Disclaimer: The following review may contain some spoilers revolving around the plot and background. The review is simply my own opinion, you may disagree.
In these reviews, I will rate the books on a starring system using an appropriate symbol: bookmarks.
5/5 Bookmarks: This book will land in my all-time favorite book list and you should stop what you are doing and read it, no matter what.
4/5 Bookmarks: You should try to read it at some point in your free time.
3/5 Bookmarks: If you are bored or going on a long trip, it might be fun to read.
2/5 Bookmarks: I would not really bother unless you enjoy the author.
1/5 Bookmarks: The book would make a better coaster for your Coke than a book.
0/5 Bookmarks: Congrats! You now have kindling! (just kidding, please do not burn books; just do not waste your money or your time with this one)!
While this is my last book review of the school year I’ll be reviewing books for May, June, July, and August so that bookworms can continue reading for summer.

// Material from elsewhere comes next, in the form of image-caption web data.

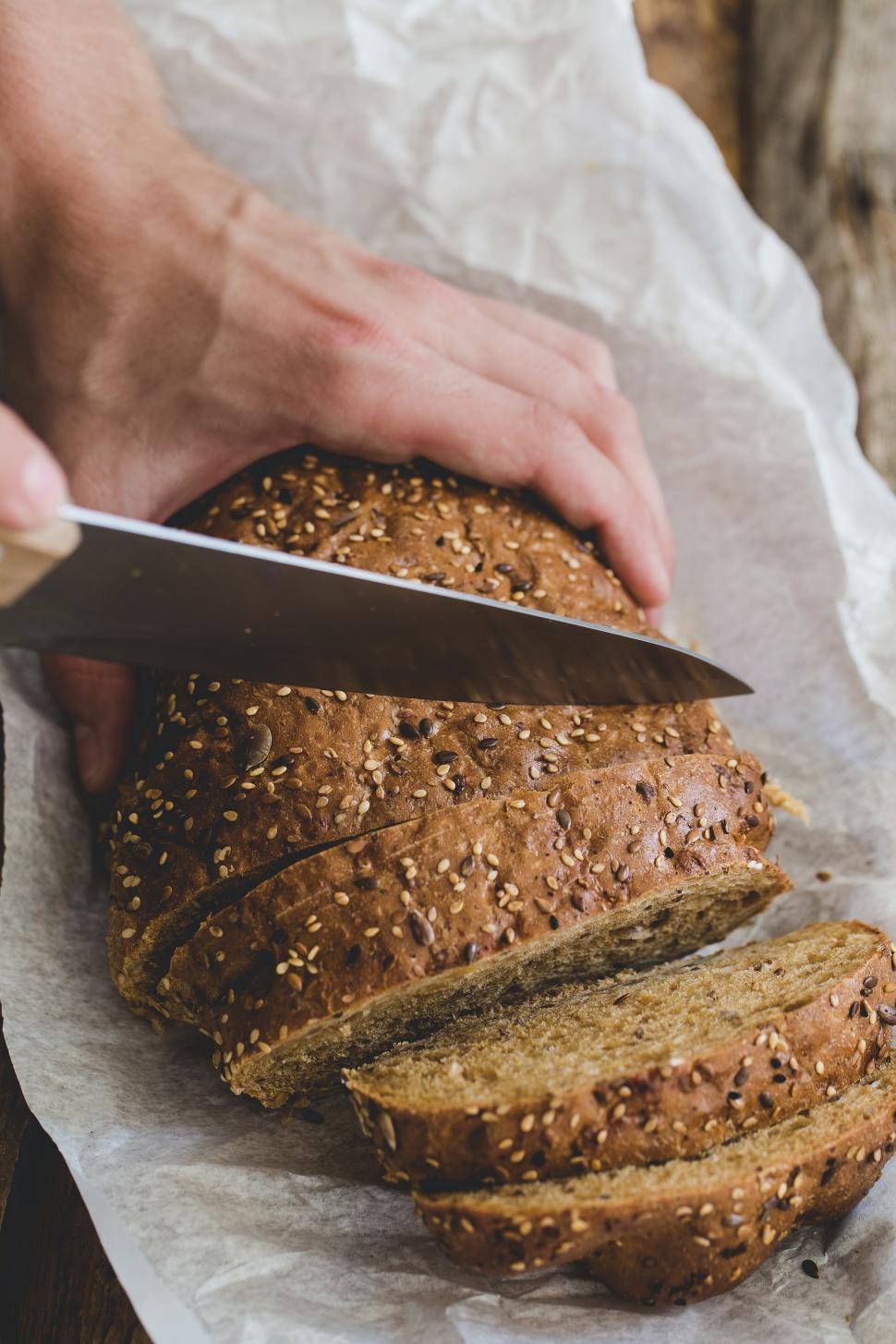 Free Image of Man slicing fresh bread 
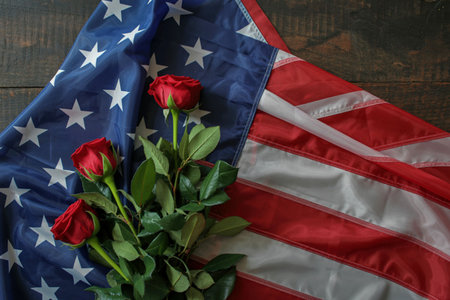 A close-up shot features three vibrant red roses with green stems and leaves resting on a weathered American flag.の写真素材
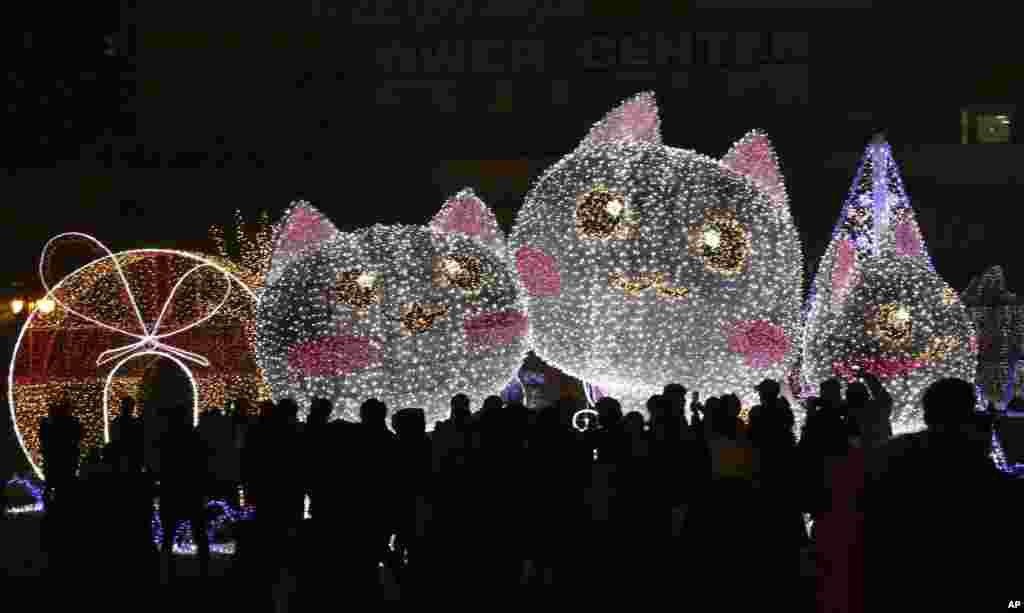 People are silhouetted against illuminations for the Christmas and New Year holiday season at Ilsan Lake Park in Goyang, South Korea, Dec. 25, 2016.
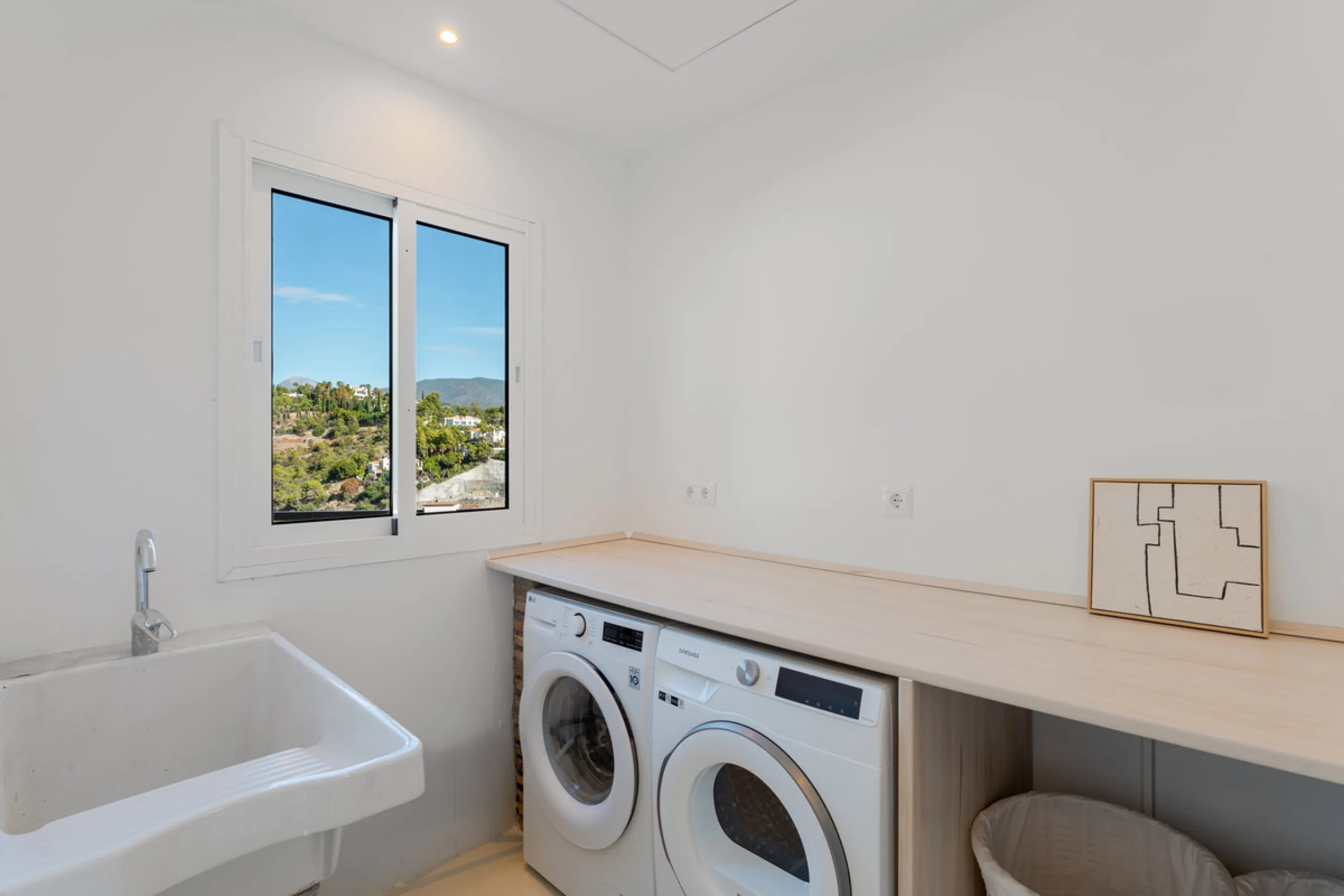 Villa in El Madroñal for sale, offering refined living within the exclusive gated community of El Madroñal 2 in Benahavís, Málaga. This six-bedroom villa with five ensuite bathrooms combines traditional Andalusian features with contemporary design. Built 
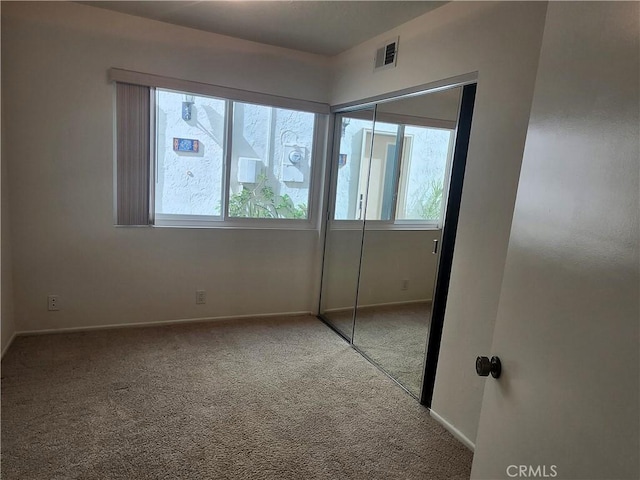 unfurnished bedroom featuring carpet floors and a closet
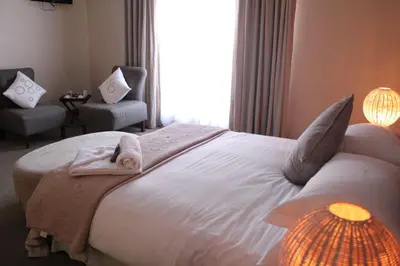 a bedroom with a white bed with shark pillows on it at Mosate Lodge in Polokwane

May: The Alchemist by Michael Scott
Many are familiar with the name of Nicholas Flamel, who was acknowledged as the greatest alchemist of the 14th century. Some believe that, although he supposedly died in 1418, he is still living thanks to his discovery of immortality. This book focuses around this mythical figure and other historical and mythical figures, along with two modern-age twins, Josh and Sophie. Josh and Sophie accidentally stumble into this world of magic, secrets, and alchemy along with a prophecy that focuses on them. This is a pretty good book series, and I would especially recommend it to those who enjoyed the Percy Jackson and Harry Potter series; it falls into the same vein. Rated 3.5/5 bookmarks.
June: The Time Keeper by Mitch Albom
Father Time is a familiar figure in pop culture, but this novel actually follows his origin, punishment, and subsequent quest involving time. Dor is a normal man living 6000 years in the past, he is extremely intelligent and takes up the hobby of measuring anything and everything. Unfortunately, this hobby gets him into trouble when he accidentally discovers time and how to measure it. After he loses a loved one and curses God, God punishes him. After 6000 years he is sent on a quest to save a young woman who wants less time and an old man who wants more time. This is a fable, like so many of Albom’s other works, and teaches the lesson of not wishing away your time. This is a rather sobering novel, but it does have an uplifting ending so I recommend this to anyone who is in need of some self-reflection. Rated 3.5/5 bookmarks.
July: Nimona by Noelle Stevenson
This colorful and fun graphic novel follows side-kick wannabee Nimona, who is an ambitious and impulsive shapeshifter with a knack for villainy. Her boss, Lord Ballister Blackheart, holds a serious vendetta against Sir Ambrosius Goldenloin, a seemingly perfect hero. Together as sidekick and supervillain, Nimona and Lord Blackheart work together to play mildly harmful pranks on the knights of the kingdom. However as small acts of mischief escalate into a vicious battle, Lord Blackheart realizes that Nimona’s powers are as murky and mysterious as her past and ambitious and reckless nature may be more dangerous than he is willing to admit. This is a hilarious and surprisingly complex story about friendship, the danger of a lie, magic, and science. I strongly recommend this to any teens who play D&D as this falls excellently into that universe. Rated 4.5 /5 bookmarks.
August: The Secret Life of Bees by Sue Monk Kidd
This is a very interesting novel as it is a coming of age novel set in the back-drop of the Civil Rights movement of the 1960s in Southern America. The main character Lily lives in Southern Carolina with her abusive father, T. Ray, and her maid/surrogate mother, Rosaleen. Lily believes that she killed her mother Deborah when she was 4 during an argument between her parents when Deborah was attempting to leave T. Ray. During the beginning of summer Rosaleen attempts to register to vote in town, but instead is forced to defend herself against three racist men and is thrown into jail. Pushed by this and the abuse she has suffered, Lily springs Rosaleen from jail and they flee to Tiburon, South Carolina, the only clue Lily has of Deborah’s past life. There they meet the Boatwright sisters, a trio of eccentric, African-American, bee-keepers and are taken into their lives. I remember reading this during the summer of my sophomore year and loving it. The story is so warm and inviting, like a cozy sun patch to take a nap in. There are themes of religion, motherhood, and the complexity of people. The book itself is a very easy read, and I’d recommend it to anyone looking for a book to read that has a sweet story mirrored with historical ideas. Rated 4/5 bookmarks.